It's getting harder and harder to take John McCain seriously. In April, he said,
To promise a withdrawal of our forces from Iraq, regardless of the calamitous consequences to the Iraqi people, our most vital interests, and the future of the Middle East, is the height of irresponsibility. It is a failure of leadership.
On Thursday, he said in a speech that if he were elected,
By January 2013, America has welcomed home most of the servicemen and women who have sacrificed terribly so that America might be secure in her freedom. The Iraq War has been won. Iraq is a functioning democracy.
That sure sounds like a promise to withdraw troops. Now, of course, McCain is asserting that his troop withdrawal will be the result of victory in Iraq. But how the hell can he make such a vow? In his speech--which lists all the wonderful things that will be achieved by 2013 if he becomes president--he doesn't say what he will do to attain this victory. Right now, it looks as if he's going to stick to the current policy. At least Richard Nixon, campaigning in 1968, indicated he had a secret plan to end the Vietnam War. And don't write in: I know Nixon never used the phrase "secret plan." A reporter devised the term, and Nixon never disabused the public of the notion. He, of course, had no such plan. And it's unclear whether McCain has a clue about what to do differently in Iraq in order to net different results than those already produced.

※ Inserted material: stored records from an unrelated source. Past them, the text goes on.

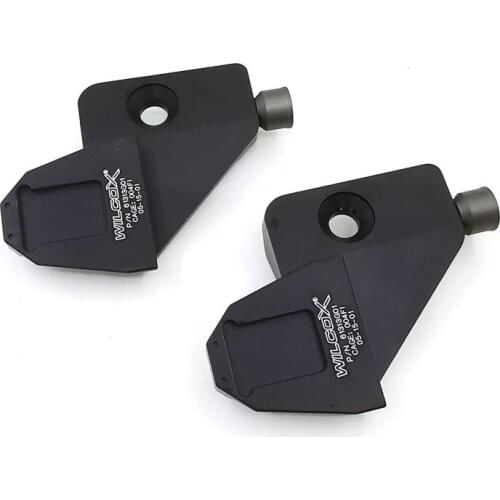 PVS-14 Tactical Helmet/Weapon Mount Shoe Assembly couples with a folding binocular bridge or Flip to Side Weapons Mount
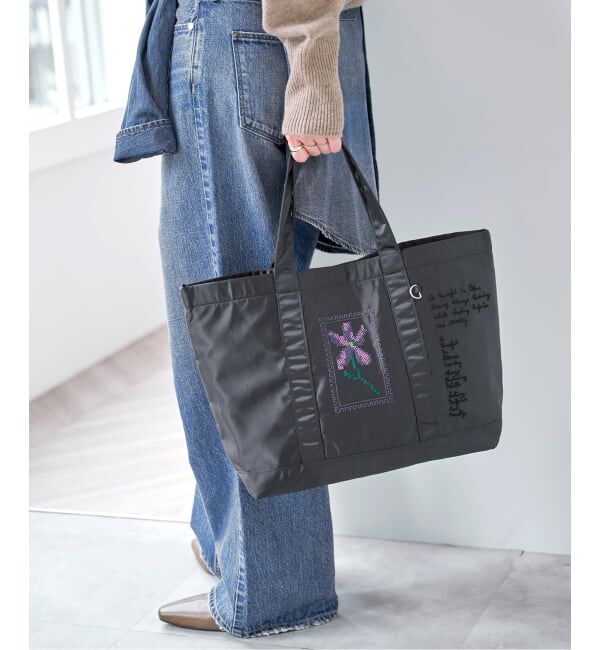 Spick and Span「《40周年 / 予約》Audrey demarre*Spick & Span TOTE BAG」|トートバッグ|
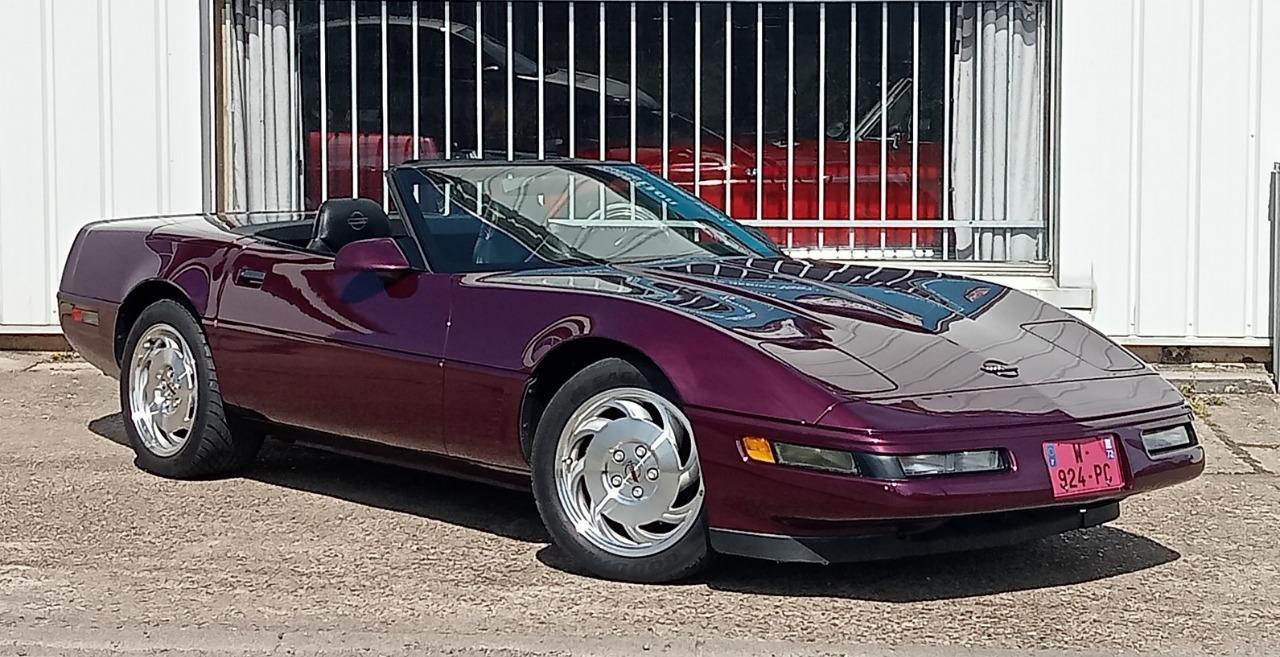 CHEVROLET Corvette LT1 Cabriolet - 1995 LesAnciennes.com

Meanwhile, at least one House Republican, looking to prevent a GOP electoral calamity in the fall, has said that the Republicans can't cling to Bush's Iraq war policy without being decimated in the coming congressional elections. After defeating a Republican primary opponent who had challenged his antiwar stance, Representative Walter Jones of North Carolina said it was time for his party to dump Bush on the war: "If this party does not look at options and figure out how to pursue those options, we're in real trouble."
McCain and his party are in a political quagmire. Forward-march rhetoric and hollow promises may not be enough to save them. As I've repeatedly said, the war will be back--as a political issue. And all indicators--including the GOP's three recent losses in congressional special elections held in Republican strongholds--now suggest that won't be to the Republicans' advantage.